The faculty held its Postgraduate Research Day virtually. The annual highlight and celebration of PGR student research and experience was showcased over 2 days online. Find out more about that here.
Due to the isolating nature of the lockdown, wellbeing is of particular importance at this time. The faculty has continued to help and support student, utilizing technology to bridge the physical gaps between us. Both Undergraduate and Postgraduate students are being supported by their Personal Tutors, whose help has been much appreciated by the student body.
The 7 Senior Personal Tutors introduced last year are ensuring that consistent messages are delivered to both tutors and students. We have been targeting the DPMGs', many of whom are now on the front line as well, as our overseas students that are still in Halls of Residence here in the UK.
We are working closely with the Student Counselling services to help provide signposts to wellbeing initiatives, as well as continuing to deliver counselling to students in need.

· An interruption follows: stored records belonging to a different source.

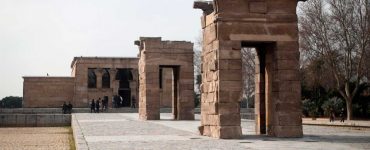 Templo de Debod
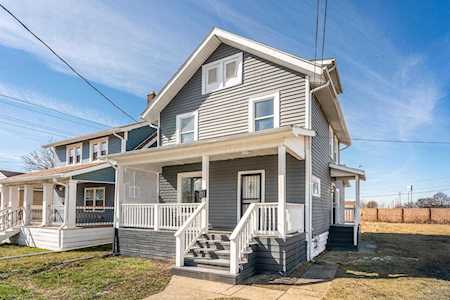 1025 Howard Street Columbus, OH 43201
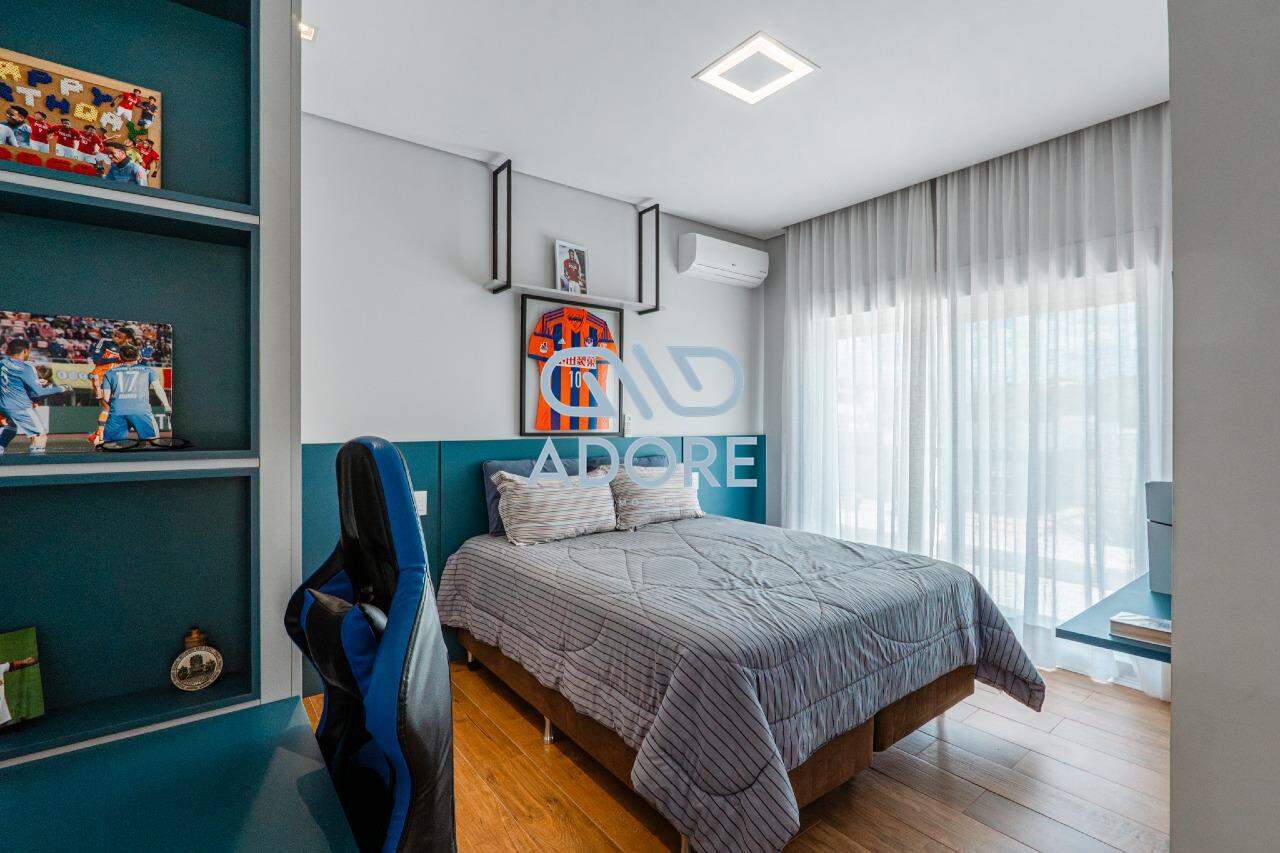 Casa de Condomínio à venda no Condomínio Xapada Parque Ytu: 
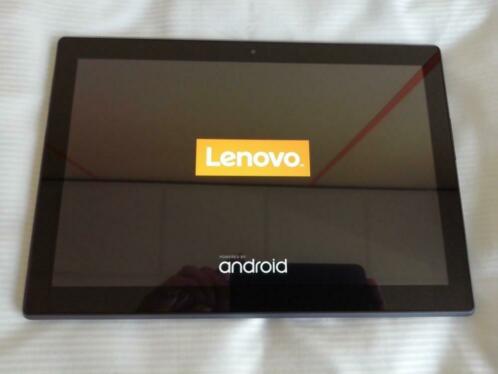Lenovo tab4 10034 tablet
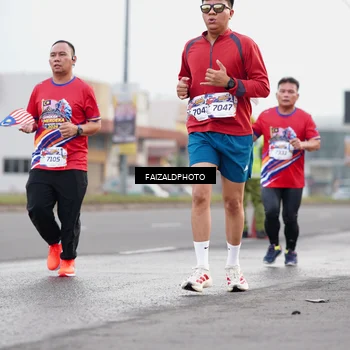 Runner Photo 5980577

Weekly meetings are held between the Dean for Education, the Director of Student Welfare and the Chair and Vice Chair of the Dental Student Council, who collate questions and feedback from students across all years. Answers to these questions have been shared with the entire student body to ensure all feedback is acted on quickly.
Finally, a new virtual buddy scheme for all students has been established. Students who signed up to take part have been paired with a buddy, and encouraged to meet regularly for exercise, joint activities, or just for a chat.